А потом, спустя несколько минут, сидя в своей цюрихской квартире в тусклом вечернем освещении, она сказала: «В конечном счете картина – это всё. Никто не видит насекомых как таковых». И теперь я помедлил, потому что не совсем понял, что она имеет в виду. В ее словах звучала жалоба, удрученность тем, что ее картины слишком быстро «одомашниваются» человечеством, превращаясь в чисто символические образы, и слишком легко переходят от незримости к чудовищной заметности, слишком эффективно обозначают человеческие страхи, слишком охотно выпячивают озабоченность человечества собственными проблемами, и тогда конкретная особь – насекомое, которое она нашла («Это райское наслаждение!»), изловила («Они могут перемещаться очень быстро»), прикончила хлороформом («Я всегда говорю себе, что следующим летом перестану это делать»), наколола на булавку, снабдила этикеткой, добавила к тысячам других в своей коллекции и в итоге узнала так близко благодаря микроскопу, кистям и краскам, – вновь и вновь, кажется, остается без внимания, теряется.

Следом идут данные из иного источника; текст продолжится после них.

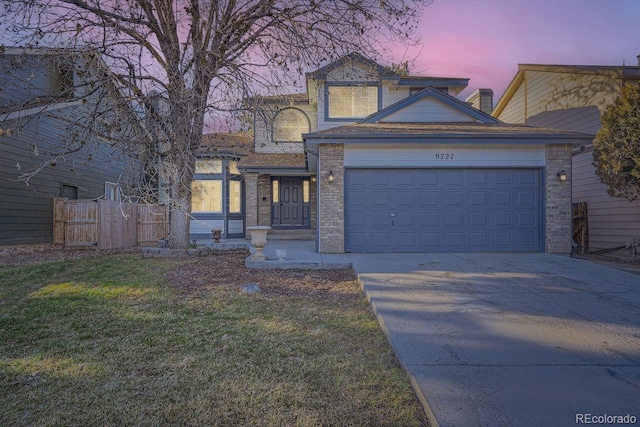 view of front of house with a lawn and a garage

Но потом я вспомнил, как Корнелия говорила: если бы она избавилась от неодолимой тяги писать уродства, если бы она была вольна писать всё, что захочется, ее творчество направилось бы по пути, предначертанному картинами с глазами мутантов, которые она закончила до того, как поездка в Эстерфарнебо выбила ее жизнь из привычной колеи. И я осознал, что она сожалеет не только об утрате насекомого-индивида. На своей картине она трактует насекомое не как существо или тему картины, но как его антитезу: насекомое как логика эстетики, как союз формы, цвета и ракурса. Эти работы открыто опираются на ее прошлое, связанное с конкретным искусством – художественным течением, центром которого в послевоенные годы стал Цюрих. Корнелия получила первоначальное эстетическое образование именно в духе конкретного искусства, видным представителем которого был ее отец Готфрид Хонеггер. (Мать Корнелии Варя Лаватер приобрела широкую известность как график-новатор и автор «книг художника».)